La mendicidad se ha multiplicado. No es raro ver gente revolviendo la basura para conseguir un pedazo de comida: no es algo que asombre en América Latina, pero en Montevideo todavía nos choca. “Uno se pregunta cómo es que puede haber calidad de vida en una ciudad en la que hay niños mendigando en tantas esquinas”, me dijo Carlos Llovet, un amigo contador que se fue a vivir a Estados Unidos.
Los síntomas de desintegración social son palpables en cada pequeña cosa: los semáforos no se respetan, las motos circulan a contramano, ir al estadio Centenario se convirtió en una aventura peligrosa.
Incluso la tan mentada seguridad es relativa. En el hotel casino Radisson, el más lujoso de la ciudad, me dieron un folleto que dice que “Montevideo está catalogada después de Tokio como la ciudad más segura del mundo”. Pero los montevideanos ya no lo sienten así. Los robos a mano armada aumentaron 233% entre 1990 y 2002. Y desde entonces la estadística roja ha seguido creciendo. La gente ya no deja la puerta abierta.
Un vecino de Arana cercó su casa con alambradas de púas. Cada vez que el ministro las ve, le parece ver una imagen de Auschwitz. Ya hay más de 200 propiedades en la ciudad rodeadas por cercas electrificadas. El viceministro del Interior se refirió a ellas en una reciente conferencia: pensé que eso nunca iba a existir acá, dijo.
Ciertamente, Montevideo no es Suiza. En el ranking de la consultora Mercer, Montevideo fue la ciudad latinoamericana mejor clasificada. Pero no estuvo entre las primeras del mundo: apenas si ocupó el lugar 78. La número uno fue Zurich.
En cuanto a su calidad de vida, Montevideo hoy tiene que elegir con qué se compara: si se mide con el resto de las grandes ciudades de América Latina, es posible que gane. Si se compara con su propio pasado, es seguro que pierde.
En la frío invierno de Montevideo, Rodrigo Gómez duda. “¿Habré hecho bien en quedarme acá?”, se pregunta cuando compara Montevideo con su ciudad sueca. Le pesa la inseguridad económica, cierta chatura, la falta de aspiraciones de los jóvenes.
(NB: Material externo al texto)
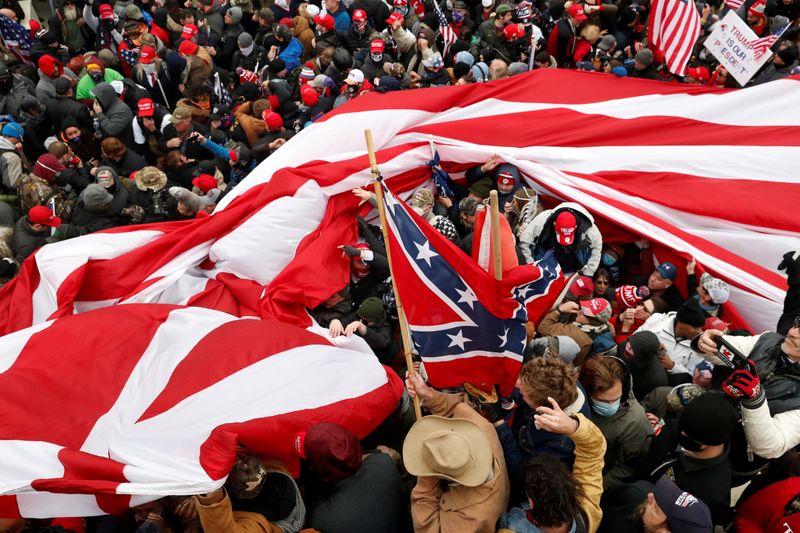 © Reuters. FILE PHOTO: Supporters of U.S. President Donald Trump gather in Washington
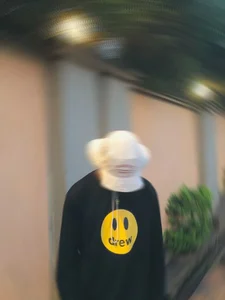 Public de SM24xhosaguy  2 Imagens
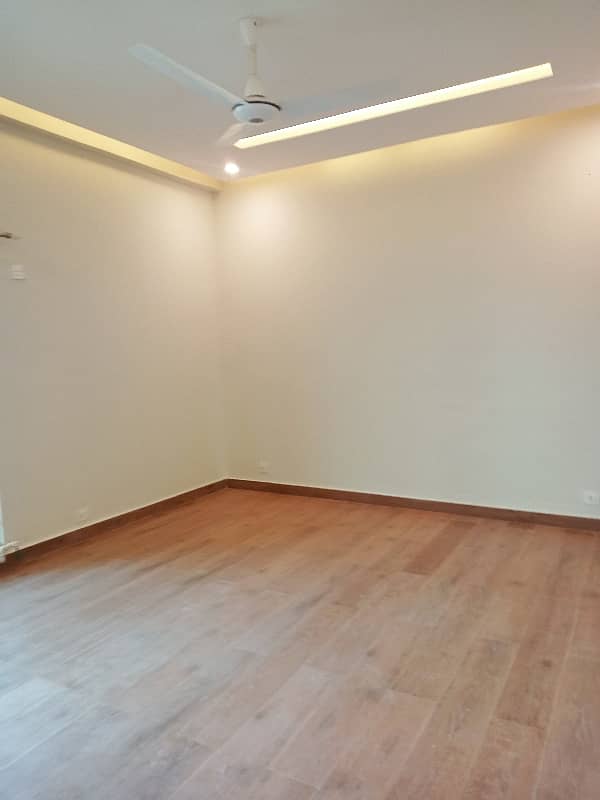 3 Bed Apartment Available for Rent in Askari 11 37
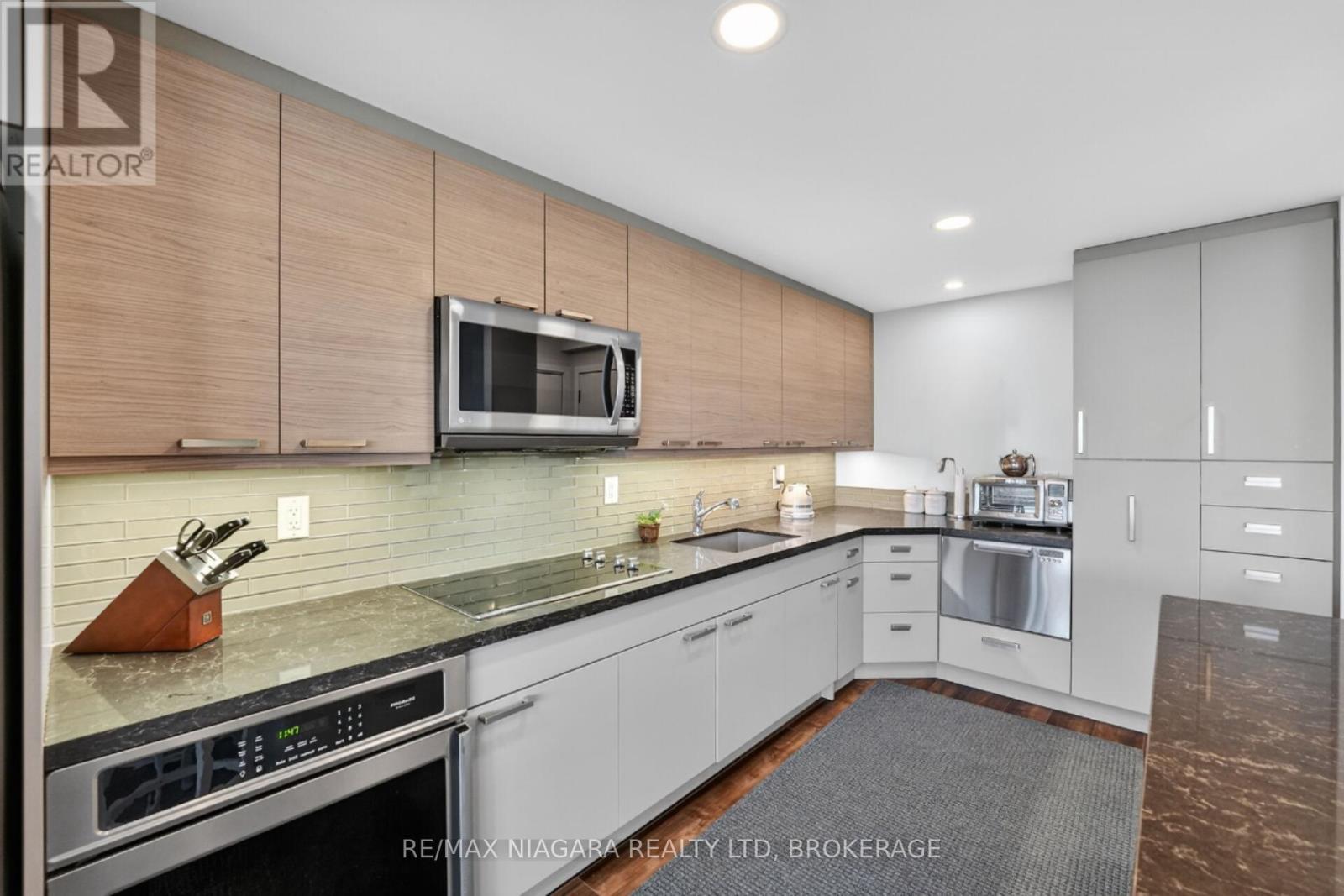711 - 81 Scott Street, St. Catharines, Ontario  L2N 7L5 - Photo 4 - X13410838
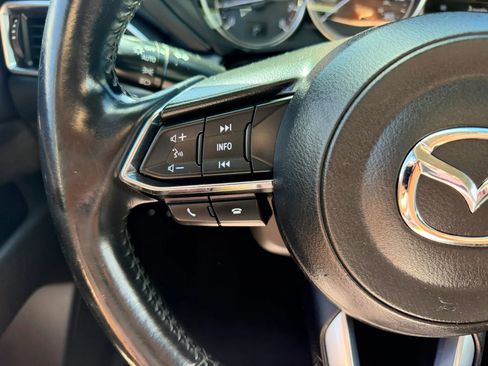 Used 2018 MAZDA CX-5 Touring w/ Preferred Equipment Package AWD/4WD image 10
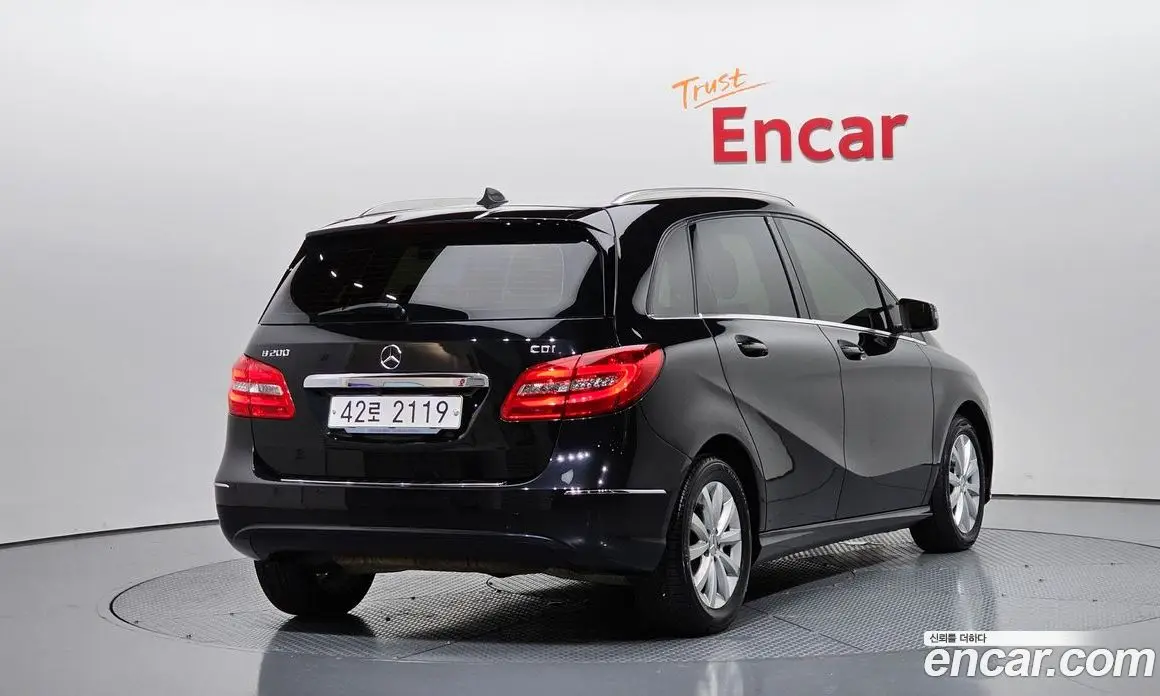 Mercedes-Benz B-Class 2014 1.8 АКПП, фото 2 Mercedes-Benz B-Class 2014 1.8 АКПП, фото 2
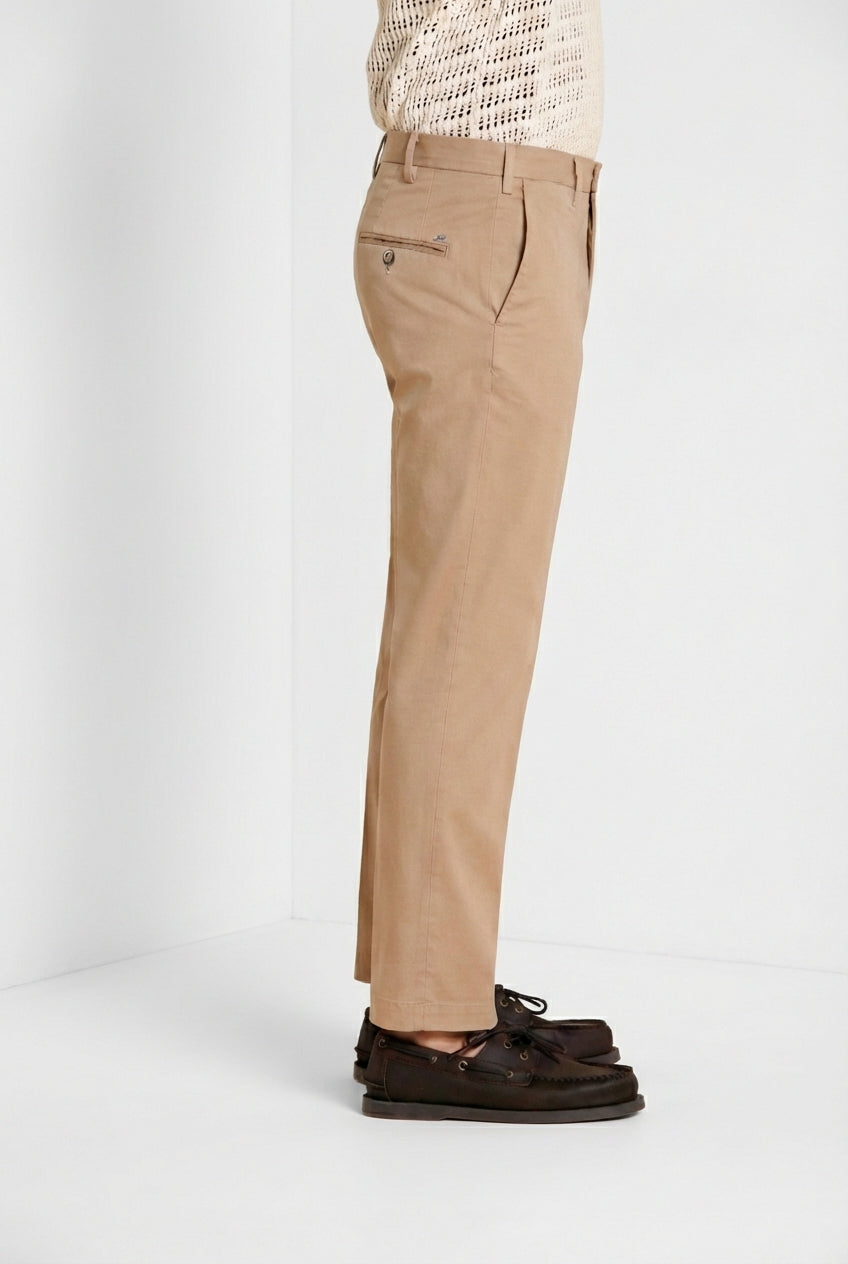 Dettaglio tasca pantalone chino uomo New York Mason's beige medio in gabardina stretch SS26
Por momentos siente que no se puede quedar acá toda la vida.
En el eterno calor de Miami, Carlos Llovet extraña. No volvería a radicarse en Montevideo: no quiere repetir el horror de pasar meses y meses desempleado. Hoy tiene un trabajo que lo lleva con frecuencia a Ciudad de México, a Lima, a San Pablo. Todavía le duele Montevideo, pero cuando compara, lo reconoce: “sí, es posible”, me escribió. “Quizás Montevideo todavía sea la ciudad de mejor calidad de vida de América Latina”.
La casa de la alambrada ondulante de púas que impresiona al ministro Arana queda en un barrio de clase media, nada sofisticado. Allí no vive ningún paramilitara derechista. Vive una joven y simpática médica con su esposo y sus tres hijos. Laura Boccardo me cuenta que eligió esa alambrada de púas porque las cercas eléctricas son un peligro para la salud de sus hijos. Además, también ha colocado fuertes focos de luz, censores infrarrojos, una fotocélula automática y un botón de pánico que se conecta con la policía y una empresa de seguridad las 24 horas.
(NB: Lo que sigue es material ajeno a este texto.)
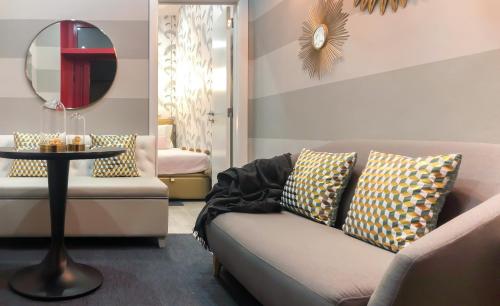 Golden Studio • A/C · Central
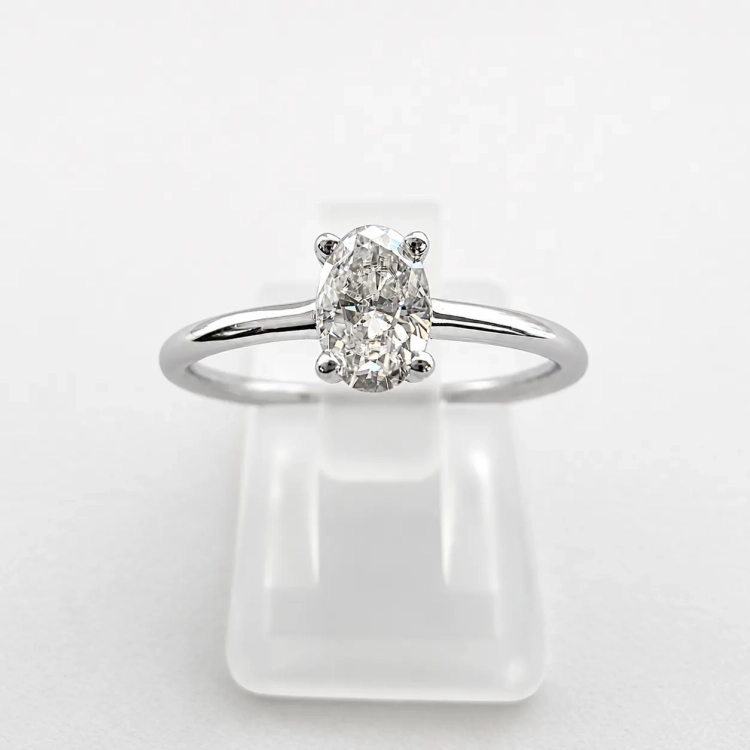Pierścionek z białego złota 585 Diament 0,42 ct – Front – ujęcie centralne – ABGOLD Baczyński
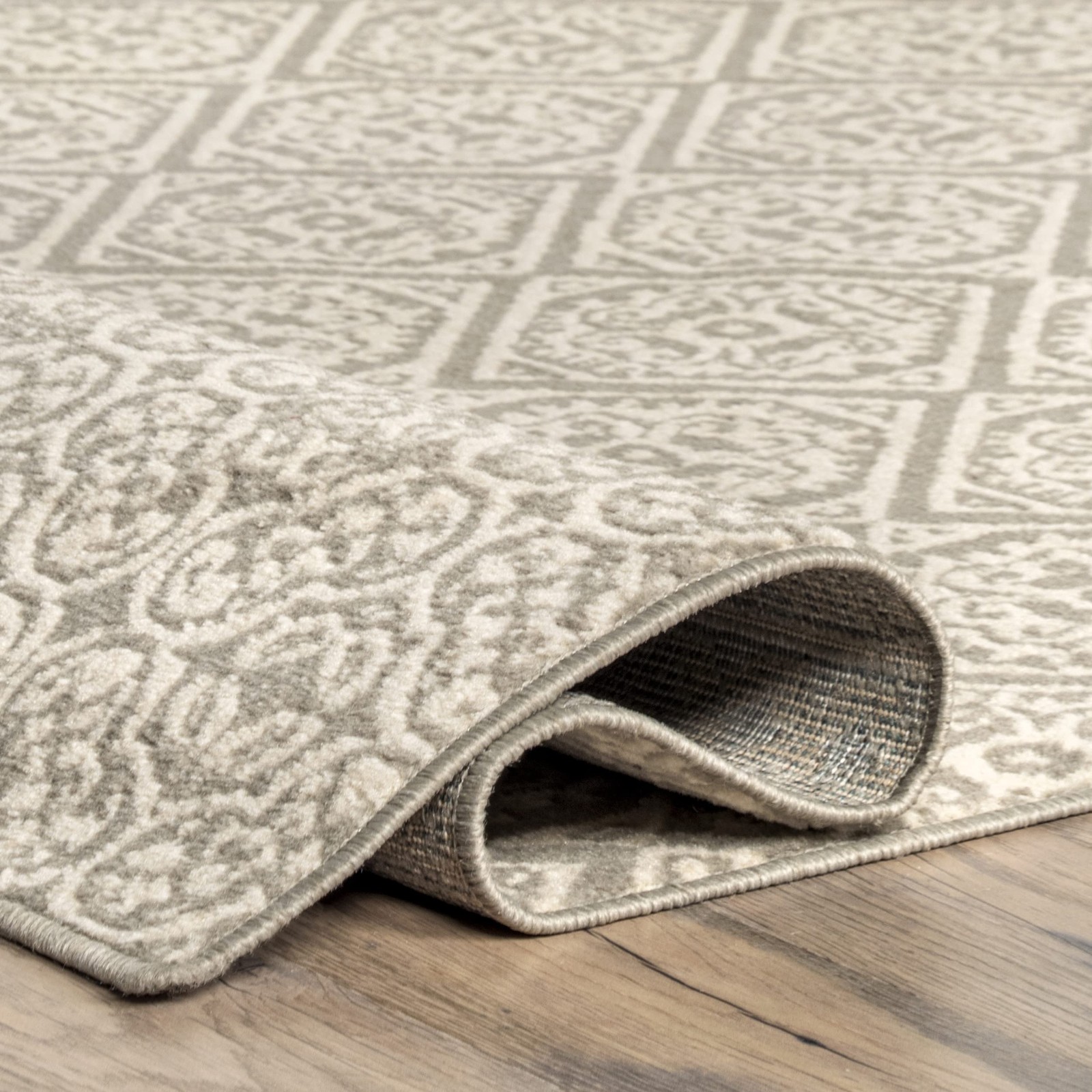 Jeanette Geometric Oval 4×6 Area Rug for Living Room Bedroom Dining Room Kitc…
Le explico el motivo de la nota. Pienso que me va a decir que los que hicieron la encuesta están locos. Pero me dice lo contrario. Laura tiene un hermano que vive en San Pablo y que trabaja en un banco. Cada vez que quiere divertirse de noche hace salir de su casa una caravana de cuatro camionetas iguales a la suya, para tratar de evitar que lo secuestren.

Este artículo de Leonardo Haberkorn se publico originalmente en la edición 70 de la revista Gatopardo (julio de 2006). Luego fue reproducido por la revista italiana Internazionale (setiembre de 2006) y en un libro digital monográfico sobre Montevideo editado por la revista española Zona de Obras.